De Latour was born October 20, 1856, in Bordeaux, France. At the age of twenty-six, he immigrated to San Francisco, where he was employed as a chemist from 1884 to 1888, later settling in San Jose in the early 1890s. He ran a cream of tartar business there for use in baking powder. After neighbors complained of the smell from his factory, he and his wife moved to Healdsburg in Sonoma County, before finally settling in Napa, where the De Latours Initially purchased four acres (1.6 ha) of land.

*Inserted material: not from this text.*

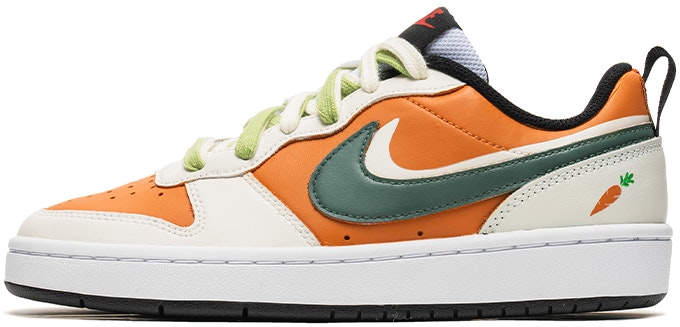 custom-shoes-nike-court-borough-low-2-graffiti-carrot-green-orange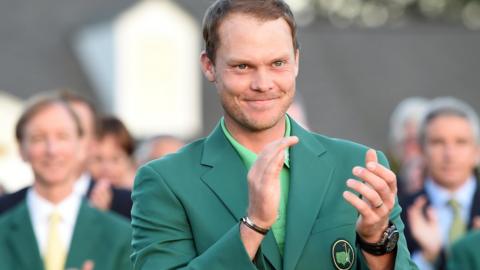 English golf player Danny Willett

Legend has it that when Fernande first saw the property she exclaimed, “Quel beau lieu!” which translates to English as “What a beautiful place!” And so the place was named.
Three decades ago, on my first visit to Napa valley, I stopped by Beringer for a tasting. I didn’t know much about Beringer at the time, mostly that they had a long history and made some well-regarded wines. Back then, tastings were free, but a friend had given me a tip to skip that and head upstairs to the Founders room, where you could sample Beringer’s best wines for $10. As a bonus, there was a crowd downstairs, but I had upstairs nearly to myself. I left that session with a life-long affinity and appreciation of what Cabernets from Napa could be like. (Today, the basic tasting is $45, and the high-end samplings are $125 or $150, depending on which way you go.)
In 1868, Jacob Beringer, enticed by the opportunities of the new world, sailed from his home in Mainz, Germany, to New York. However, after hearing that the rocky hillside soil and fertile valley floor of Napa Valley resembled that of vineyards back home in Germany, Jacob made his way to California in 1869. He became cellar foreman for Charles Krug, one of the first commercial winemakers in Napa Valley. A few years later, in 1875, Jacob and his brother, Frederick, purchased 215 acres next door to Charles Krug in St. Helena for $14,500. This parcel of land, known as Los Hermanos (the brothers), became the heart of the Beringer estate.
Here, the brothers oversaw their first harvest and crush in 1876. With Jacob serving as winemaker and Frederick as financier, they made approximately 40,000 gallons of wine, or 18,000 cases, that first year. In order to house the fermentation tanks, the first two floors of the original winery were built, and Chinese workers began digging a 1,200-foot-long tunnel to store the wine for aging.